La declaración de Estocolmo de 1972 marcó una línea de pensamiento a la que todo derecho del medio ambiente responde y se cristaliza en por lo menos dos ideas fundamentales. La primera, que la humanidad es la especie más importante del planeta: “de todas las cosas del mundo, los seres humanos son lo más valioso. Ellos son quienes promueven el progreso social, crean riqueza social, desarrollan la ciencia y la tecnología y, con su duro trabajo, transforman continuamente el medio humano” (Proclama 5), lo que permite entender por qué el derecho ambiental tiene muy poco que ver con la protección de la naturaleza.
La segunda, que sólo alcanzaremos nuestro bienestar a través del desarrollo, aunque la degradación ambiental sea intrínseca a él, pues mientras “en los países en desarrollo, la mayoría de los problemas ambientales están motivados por el subdesarrollo (…) en los países industrializados, los problemas ambientales están generalmente relacionados con la industrialización y el desarrollo tecnológico” (Proclama 4).

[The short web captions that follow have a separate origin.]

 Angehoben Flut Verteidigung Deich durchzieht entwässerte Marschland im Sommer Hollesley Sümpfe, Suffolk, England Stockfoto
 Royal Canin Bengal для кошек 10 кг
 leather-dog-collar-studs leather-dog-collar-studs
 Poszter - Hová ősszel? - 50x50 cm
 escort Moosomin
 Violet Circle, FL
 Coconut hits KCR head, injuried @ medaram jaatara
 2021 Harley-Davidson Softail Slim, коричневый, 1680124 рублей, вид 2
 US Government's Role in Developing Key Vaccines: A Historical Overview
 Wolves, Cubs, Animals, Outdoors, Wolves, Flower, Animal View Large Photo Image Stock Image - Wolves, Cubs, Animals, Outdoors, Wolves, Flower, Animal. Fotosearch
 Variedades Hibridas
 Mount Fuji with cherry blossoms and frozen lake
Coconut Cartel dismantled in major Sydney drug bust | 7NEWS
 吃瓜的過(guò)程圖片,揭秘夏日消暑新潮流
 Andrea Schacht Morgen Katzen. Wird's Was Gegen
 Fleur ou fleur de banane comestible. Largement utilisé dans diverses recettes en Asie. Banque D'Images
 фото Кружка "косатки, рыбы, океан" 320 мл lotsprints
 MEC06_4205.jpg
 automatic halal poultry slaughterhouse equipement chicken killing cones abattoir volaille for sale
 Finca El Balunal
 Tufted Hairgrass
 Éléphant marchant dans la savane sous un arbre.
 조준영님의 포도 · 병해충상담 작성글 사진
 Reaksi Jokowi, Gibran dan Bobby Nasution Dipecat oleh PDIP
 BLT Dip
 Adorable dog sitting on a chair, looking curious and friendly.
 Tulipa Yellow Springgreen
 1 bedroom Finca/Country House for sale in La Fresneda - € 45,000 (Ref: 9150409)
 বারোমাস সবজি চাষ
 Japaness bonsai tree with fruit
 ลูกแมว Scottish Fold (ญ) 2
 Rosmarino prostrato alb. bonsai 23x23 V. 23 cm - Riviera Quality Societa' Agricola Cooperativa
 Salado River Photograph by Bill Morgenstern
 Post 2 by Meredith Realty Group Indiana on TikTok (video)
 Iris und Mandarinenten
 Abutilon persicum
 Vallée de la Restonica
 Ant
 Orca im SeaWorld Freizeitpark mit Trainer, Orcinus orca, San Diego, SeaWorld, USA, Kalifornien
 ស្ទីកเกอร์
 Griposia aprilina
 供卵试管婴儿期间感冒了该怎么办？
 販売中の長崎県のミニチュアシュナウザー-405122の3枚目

Pero el concepto de desarrollo ubica a la naturaleza dentro del ejercicio del derecho inalienable de los pueblos “a la plena soberanía sobre todas sus riquezas y recursos naturales” (D. Desarrollo, 1986: art. 1) fraccionando la dimensión sistémica o ecológica de la naturaleza conforme los retazos del mapa político planetario y consecuentemente otorgando a los Estados un derecho de propiedad sobre ella, con sus facultades inherentes de disfrute, uso, pero también de abuso.